PROVIDED MATERIAL:
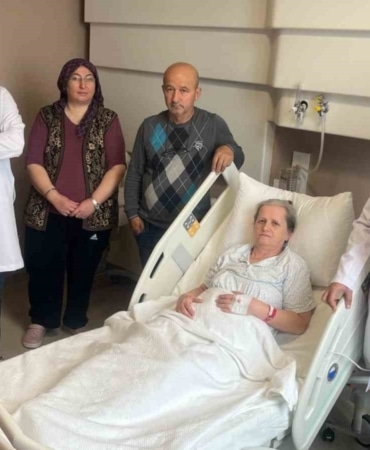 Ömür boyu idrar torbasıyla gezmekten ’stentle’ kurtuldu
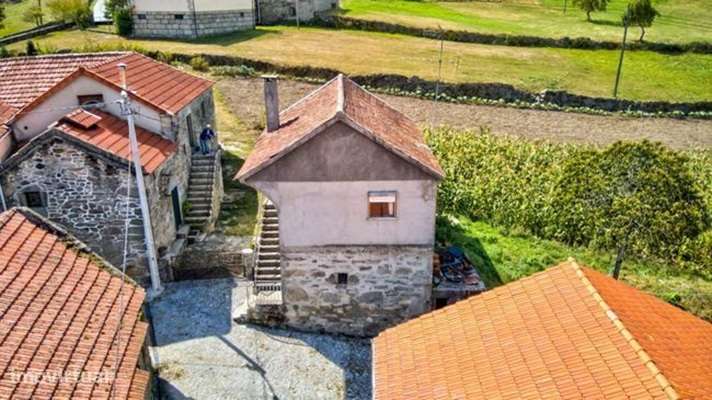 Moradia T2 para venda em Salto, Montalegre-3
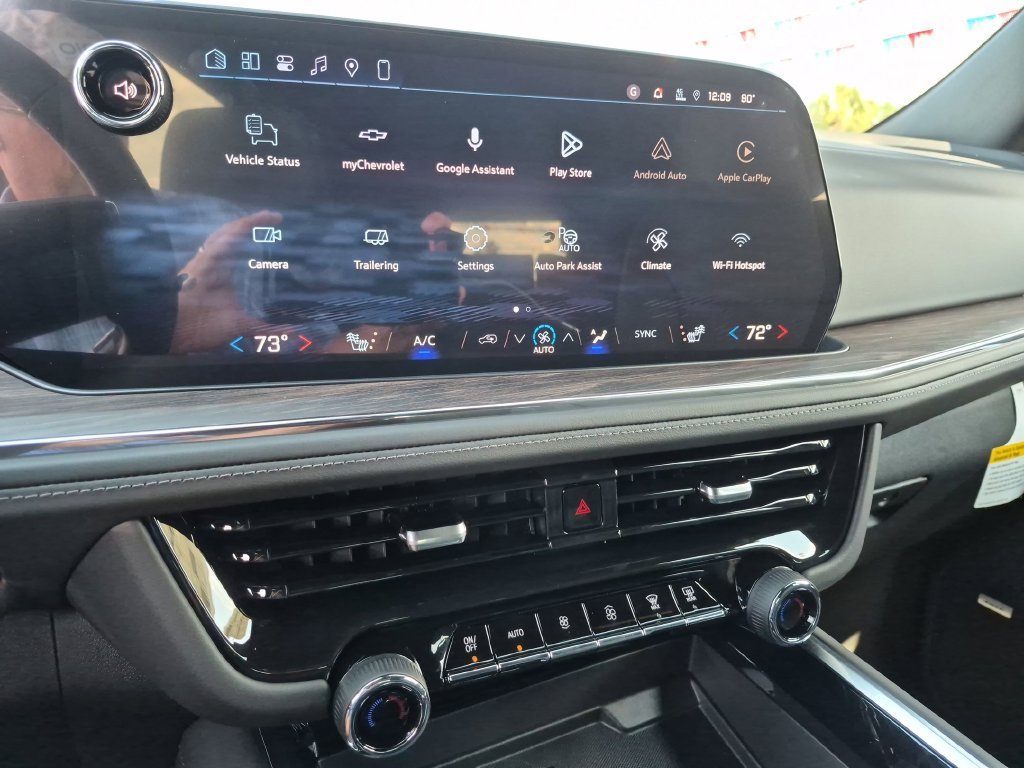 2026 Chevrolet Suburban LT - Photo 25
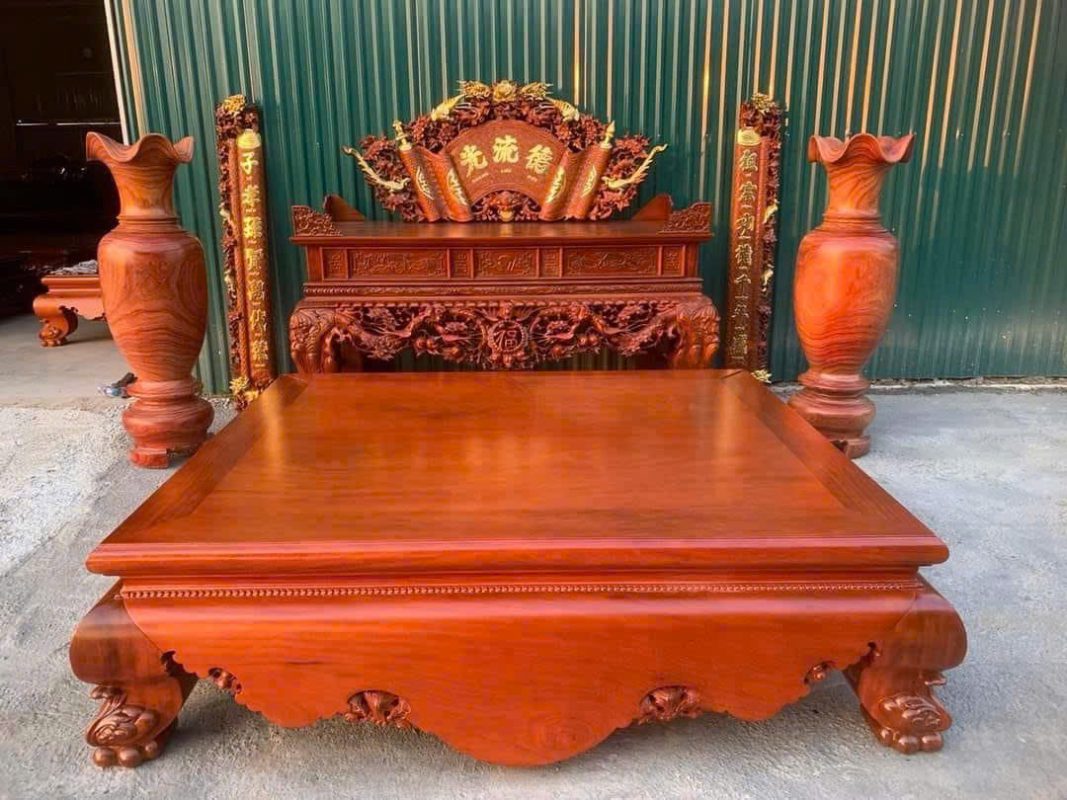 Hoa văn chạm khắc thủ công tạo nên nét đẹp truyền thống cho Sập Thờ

GOAL OF THE EXERCISE:
Nothing but the lines from the one containing "Moradia T2 para venda em Salto, Montalegre-3" through the end of the listing is to be output, and those lines are to be output exactly, pictures excluded.

YOUR SOLUTION:
 Moradia T2 para venda em Salto, Montalegre-3
 2026 Chevrolet Suburban LT - Photo 25
 Hoa văn chạm khắc thủ công tạo nên nét đẹp truyền thống cho Sập Thờ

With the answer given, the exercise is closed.